Dakota intercepted me on my way out of work. I tried to keep my face blank, but felt my face begin to flush, remembering the last comment he’d made to me before showtime. A comment I had shamelessly agreed with. When he sat next to me with his usual greeting, I felt like I’d been seated next to an active Tesla coil.
The ride to the parking lot was a blur. Dakota showed me more pictures of his cat, I whipped out pictures my brother had sent me of my cat back home, and in between pictures, we flirted with each other. When we got off the bus, I stuck by his side, sucked into a conversation about the show and a few of the performers, when I realized I’d been going the wrong direction. I had parked my car on the opposite side of the lot, in the back, since (for some ungodly reason) the lot had been full when I’d come to work that morning.

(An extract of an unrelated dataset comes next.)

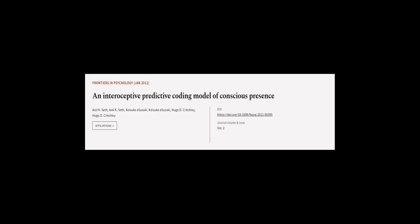This article was authored by Anil K. Seth, K. Suzuki, and others.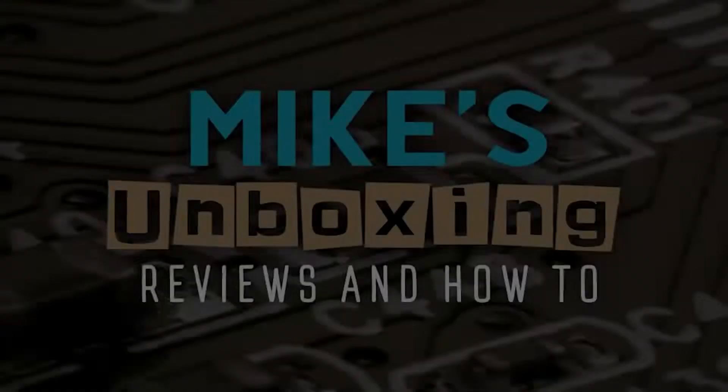Hi, this is Mike from Mike's Unboxing Reviews and How-To, and today we're going to take a look at sound problems with a headset on Discord. Keep watching to find out more.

“Oh. Shit.” I turned toward where my car was parked, curling my lip in distaste. “I’m parked on that side. I forgot.”
“I’m right over here,” Dakota said, pointing. “Do you need a ride?”
“That’s okay, I can walk,” I said, turning to go. “I could use the exercise anyway. I’m parked all the way in the back.”
He rolled his eyes at me. “Come on. You’re getting a ride.”
I thought, briefly, about refusing, but to be honest, my feet hurt, the rest of me ached, and I didn’t really feel like hauling myself half a mile to get to my car. “Thank you.”
“Just to warn you my car smells like cat pee.”
“Oh no,” I said, grinning. “Someone didn’t enjoy his trip to the vet, I assume?”
“Yeah, we were almost home when he just…” Dakota made a hand motion and a sound effect that gave me a clear picture of the cat straight up spraying his car.
“Aww,” I said, laughing. “Poor cat. Where’s home?”
Dakota pointed. “Ten minutes that way.”
“Oh, so you’re close,” I said. “I’m at college housing.”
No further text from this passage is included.